Sunday, March 20, 2005

Mortgage rates rise again - signaling a cooling market

Associated Press

WASHINGTON - Rates on 30-year mortgages climbed last week to their highest level in seven months, a trend that is expected to slow - but not stifle - the nation's housing market.

Mortgage giant Freddie Mac, in its weekly survey of mortgage rates across the country, reported that rates on 30-year, fixed-rate mortgages averaged 5.95 percent for the week ending March 17.

The rate was up from 5.85 percent a week earlier and was the highest since the week ending Aug. 5, when rates averaged 5.99 percent.

Analysts said the recent pickup in mortgage rates reflects concerns in financial markets that high oil prices may touch off inflation.

Even with the recent increases, mortgage rates are still low by historical standards, analysts said.

Freddie Mac is forecasting that rates on 30-year mortgages will rise to around 6.25 percent by the end of the year.

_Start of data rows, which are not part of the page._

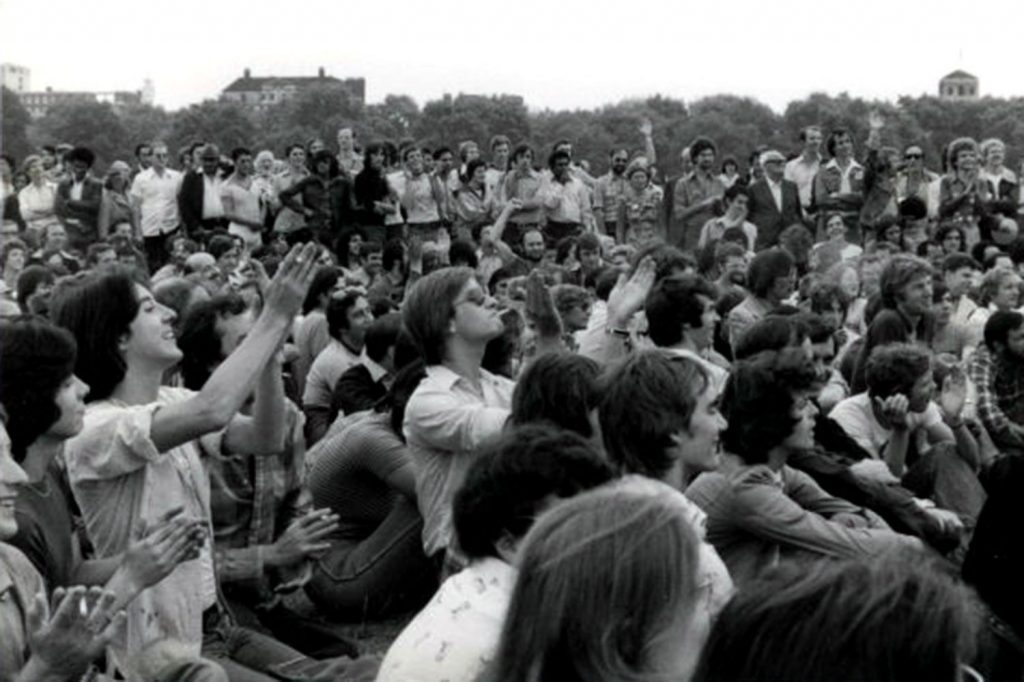 Group of people in Hyde Park for the first pride march, 1972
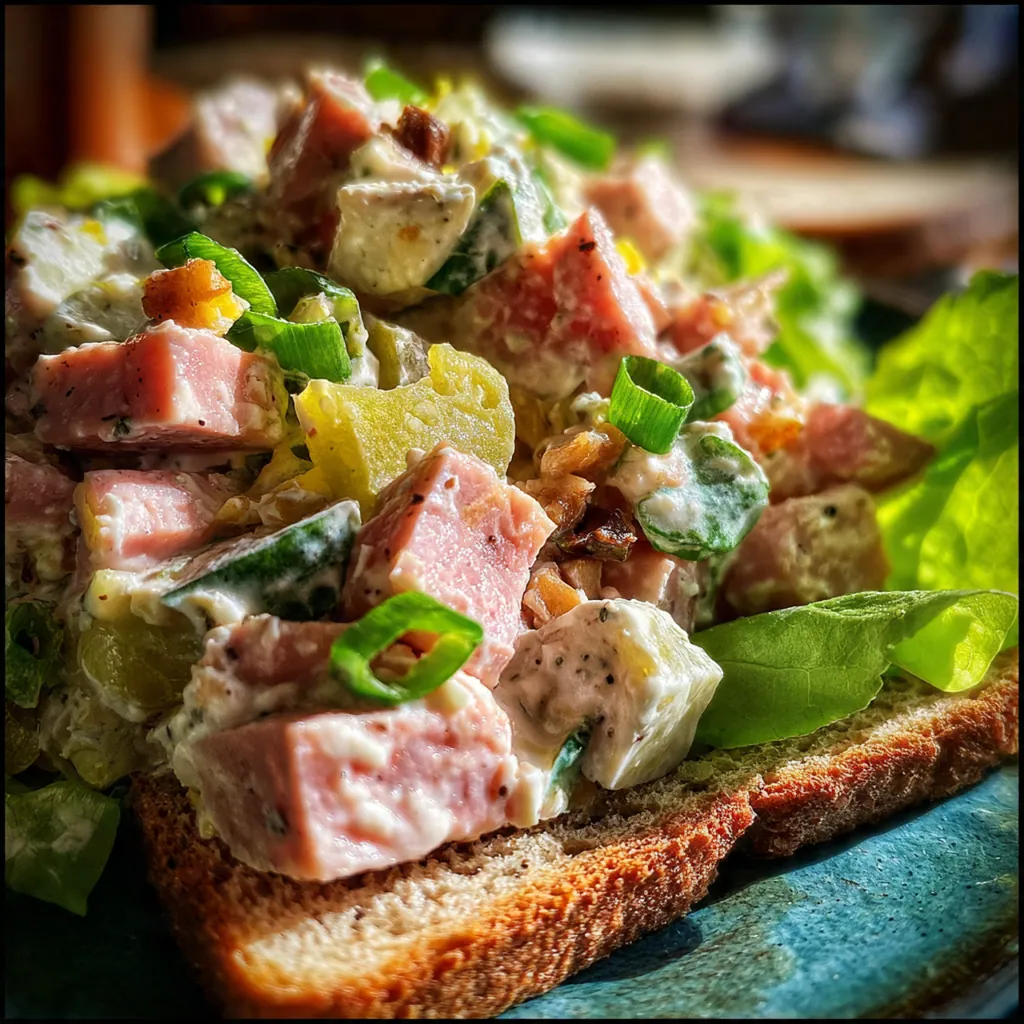 A large glass bowl filled with creamy Winter Blossom's Often Requested Ham Salad, garnished with fresh chives.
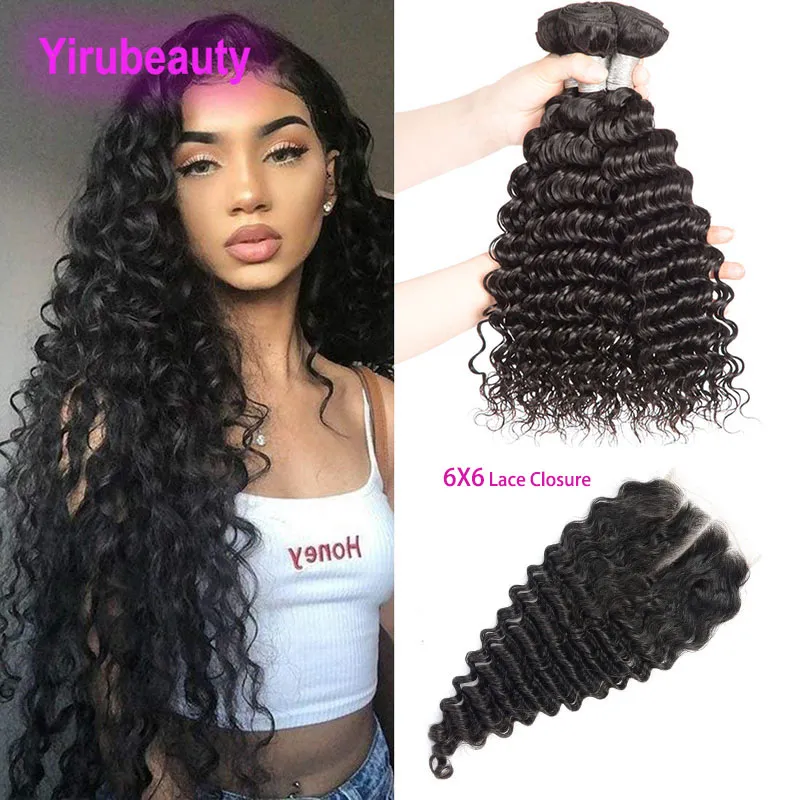 Indian Virgin Hair Bundles With 6X6 Lace Closure Deep Wave Curly 3 Bundles Six By Six Closures 4pieces/lot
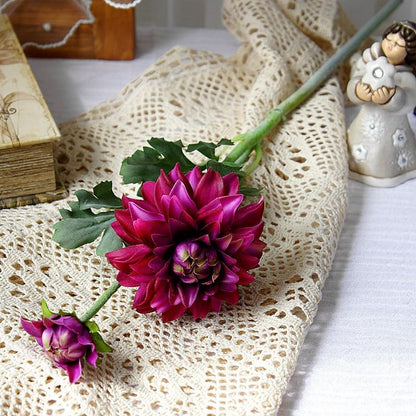 3 Pieces Pink Artificial Dahlias,21"Silk Flowers with Stems,Winter Flowers Artificial for Decoration,Long Stem Artificial Flowers for Tall Vase,Wedding Party Decor Spring Decorations for Home (Pink)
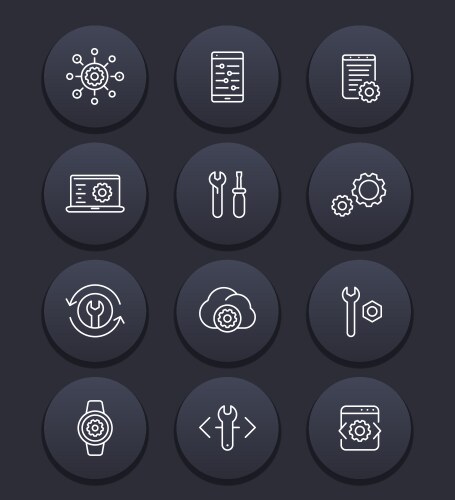 Development settings configuration line icons vector image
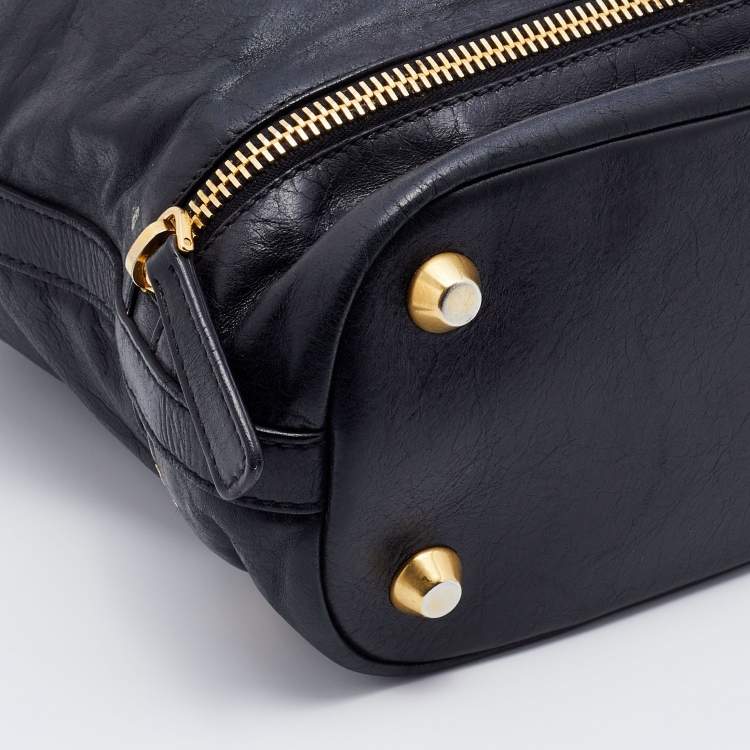 Pre Owned Miu Miu Black Vitello Lux Leather Satchel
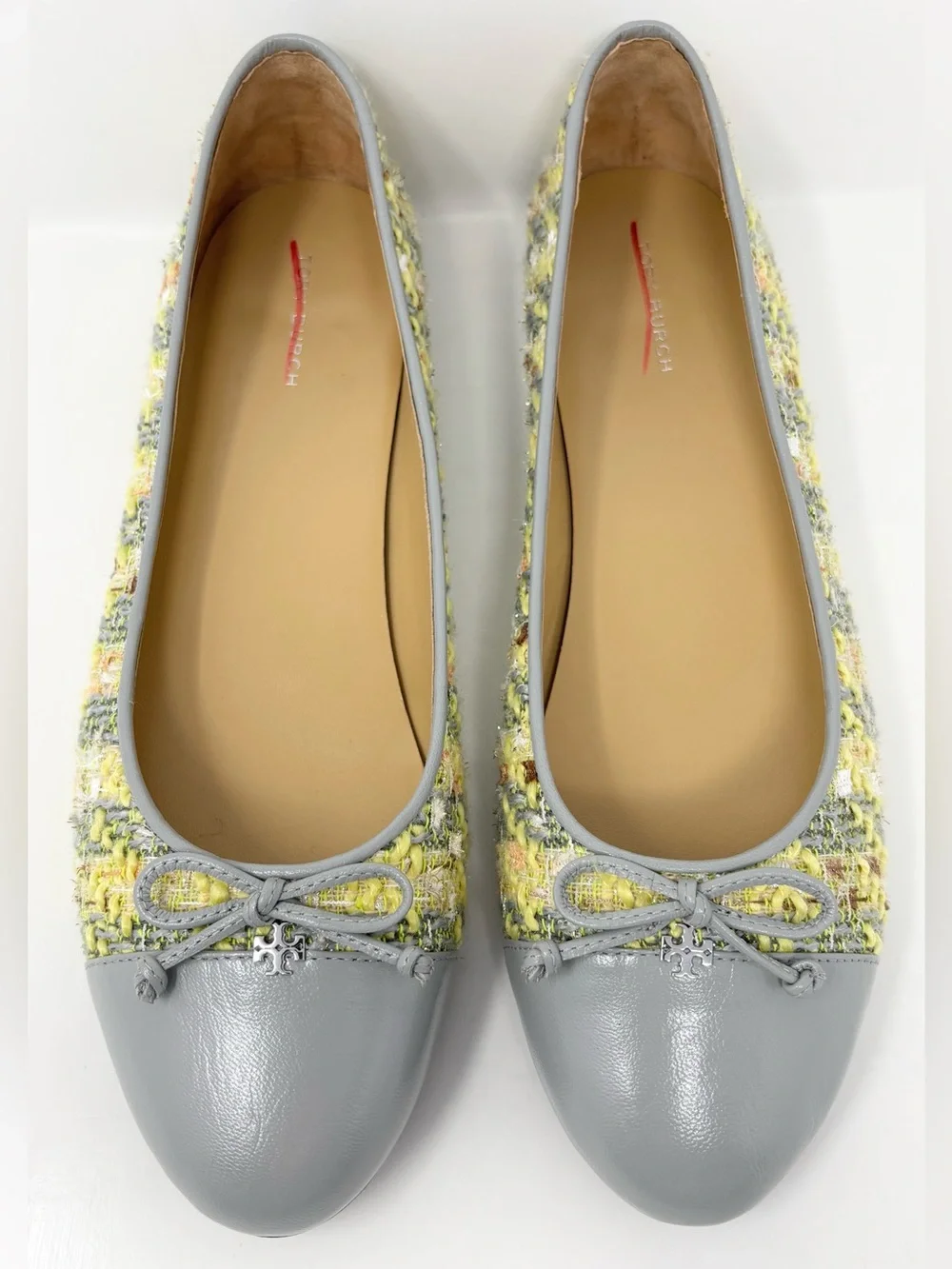 Tory Burch Tweed Ballet Flats Gray Yellow Leather Cap Toe Bow Size 9.5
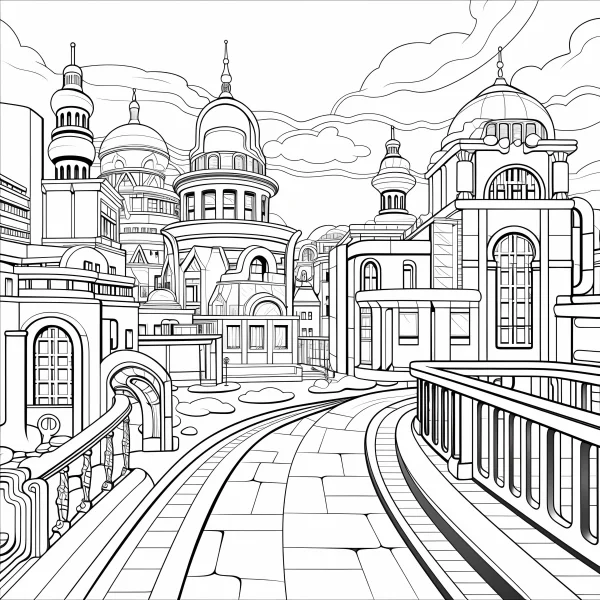 European-style city building complex, line art illustration — free printable cityscape coloring book page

Low mortgage rates have powered sales of both new and existing homes to record highs for four straight years.

Rates on 15-year, fixed-rate mortgages, a popular option for refinancing, rose to 5.47 percent, up from 5.38 percent last week.

Five-year hybrid adjustable-rate mortgages averaged 5.31 percent, up from 5.22 percent. Hybrid mortgages have a fixed-rate for five years and then adjust each year after that.

Rates on one-year adjustable-rate mortgages, meanwhile, dipped to 4.20 percent, from 4.24 percent.

The nationwide averages for mortgage rates do not include add-on fees known as points. Thirty-year mortgages, 15-year mortgages and five-year ARMs each carried a fee of 0.7 point. The one-year ARM had a financing fee of 0.8 point.

A year ago, 30-year mortgages averaged 5.38 percent, 15-year mortgages were at 4.69 percent and one-year ARMs averaged 3.39 percent. Freddie Mac does not have historical data on the five-year ARM because it began tracking that mortgage this year.